• _Exercise prompt_: For the material below, reproduce exactly each line from the one that has "Prague 07-2016 Troja Bridge img1" through the one that has "Lusaka, Zambie Acheter", and no others; pictures stay out.

Supplied data START

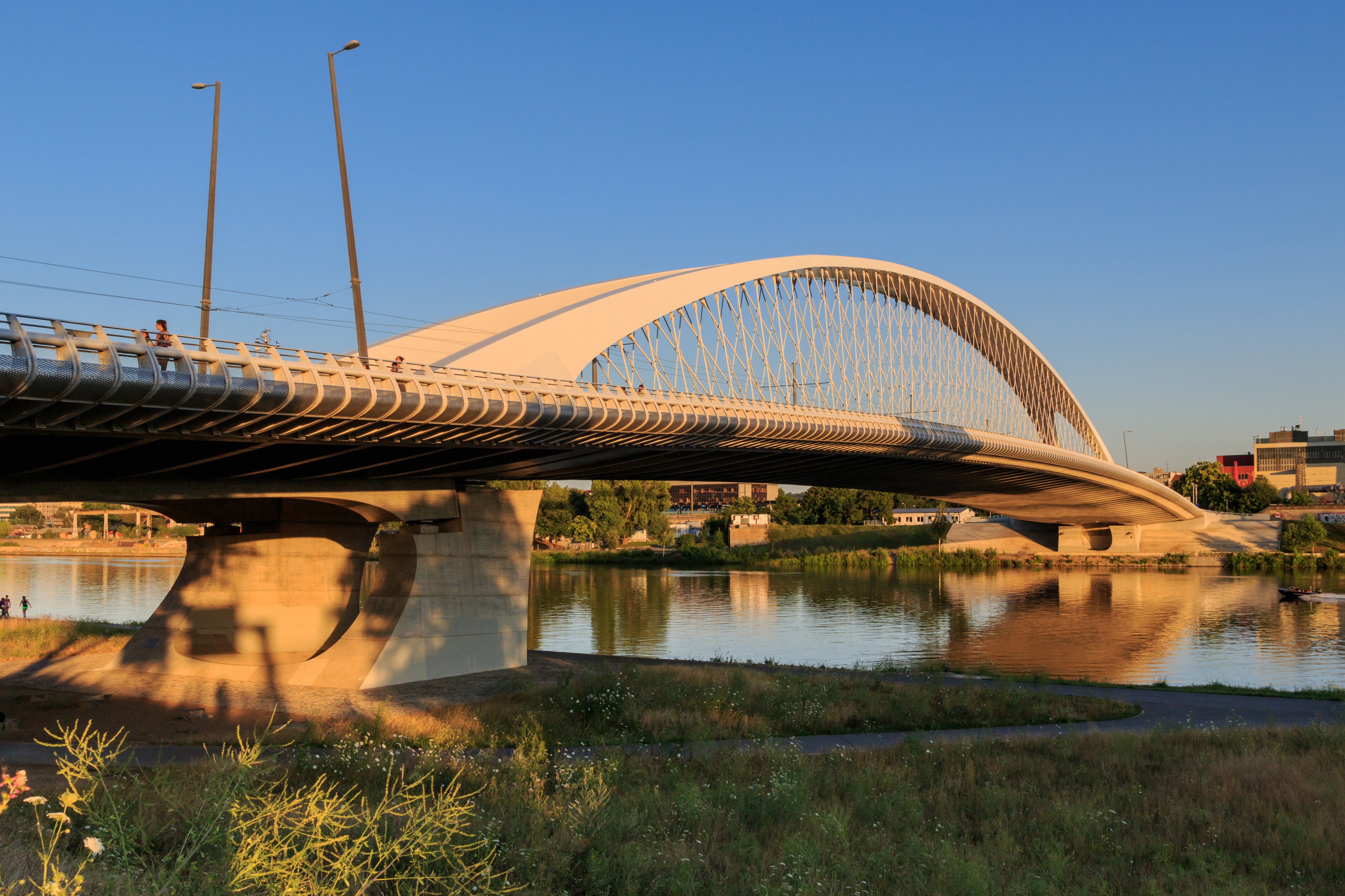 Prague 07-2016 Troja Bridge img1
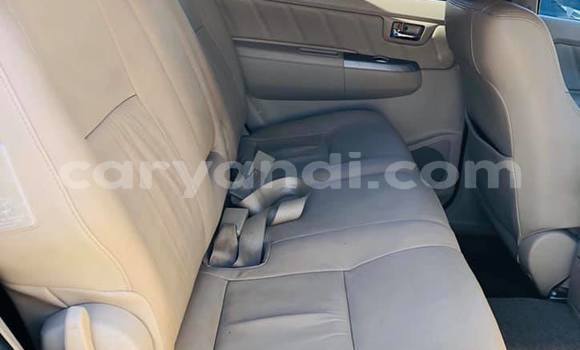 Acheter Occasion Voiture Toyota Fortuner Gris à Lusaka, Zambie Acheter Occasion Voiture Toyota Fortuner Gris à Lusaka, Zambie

Supplied data END
Supplied data START

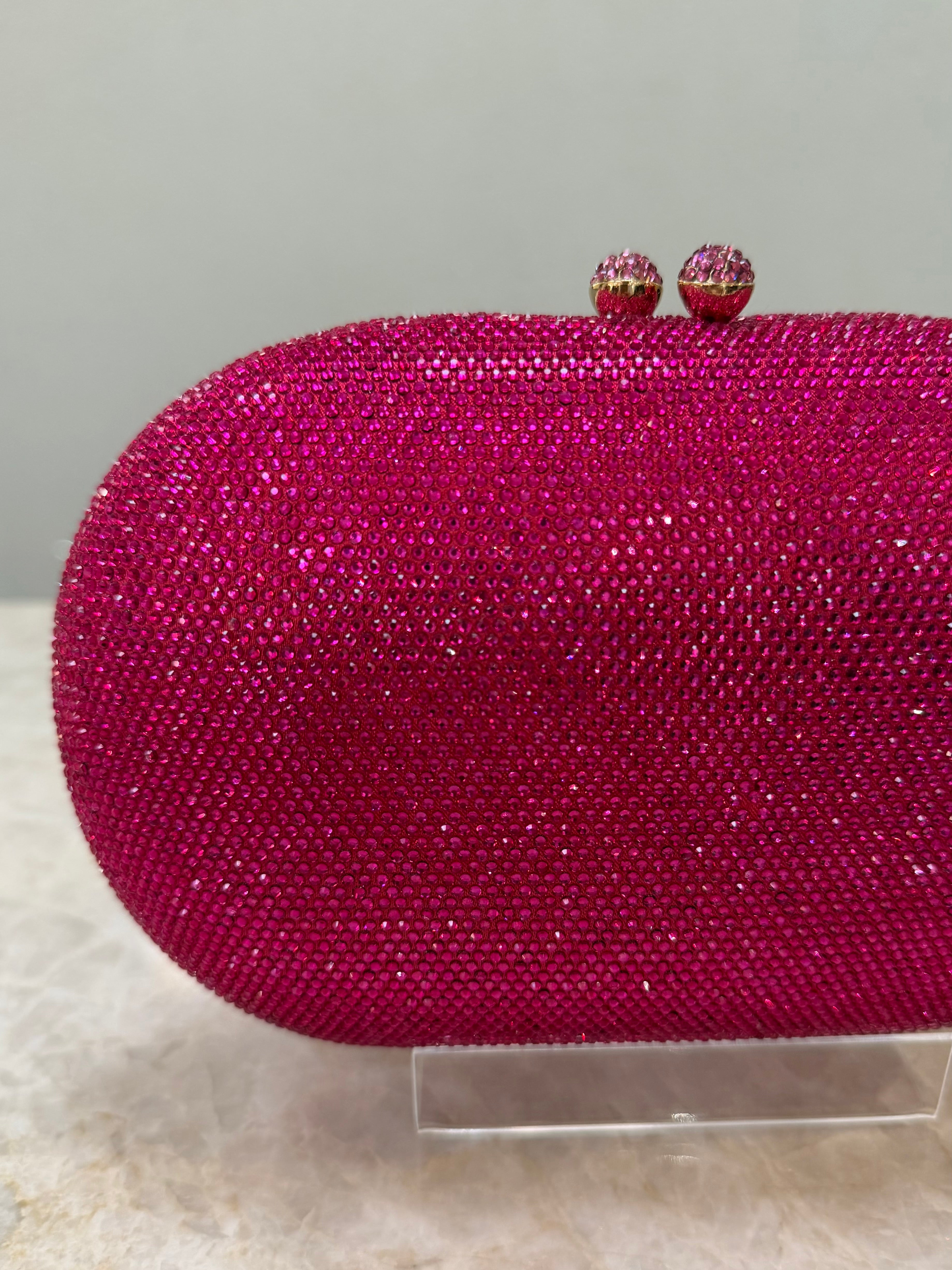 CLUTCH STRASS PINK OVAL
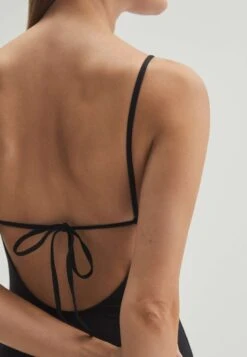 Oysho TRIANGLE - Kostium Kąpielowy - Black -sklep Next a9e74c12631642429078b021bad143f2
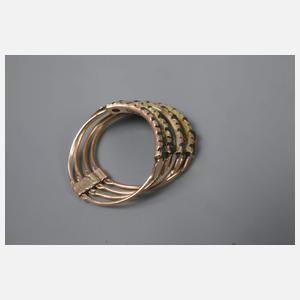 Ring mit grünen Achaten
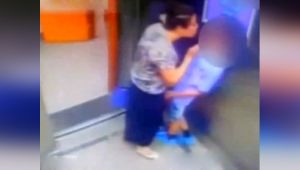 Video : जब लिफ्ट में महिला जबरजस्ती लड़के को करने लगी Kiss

Supplied data END

• _Task output_:
 Prague 07-2016 Troja Bridge img1
 Acheter Occasion Voiture Toyota Fortuner Gris à Lusaka, Zambie Acheter Occasion Voiture Toyota Fortuner Gris à Lusaka, Zambie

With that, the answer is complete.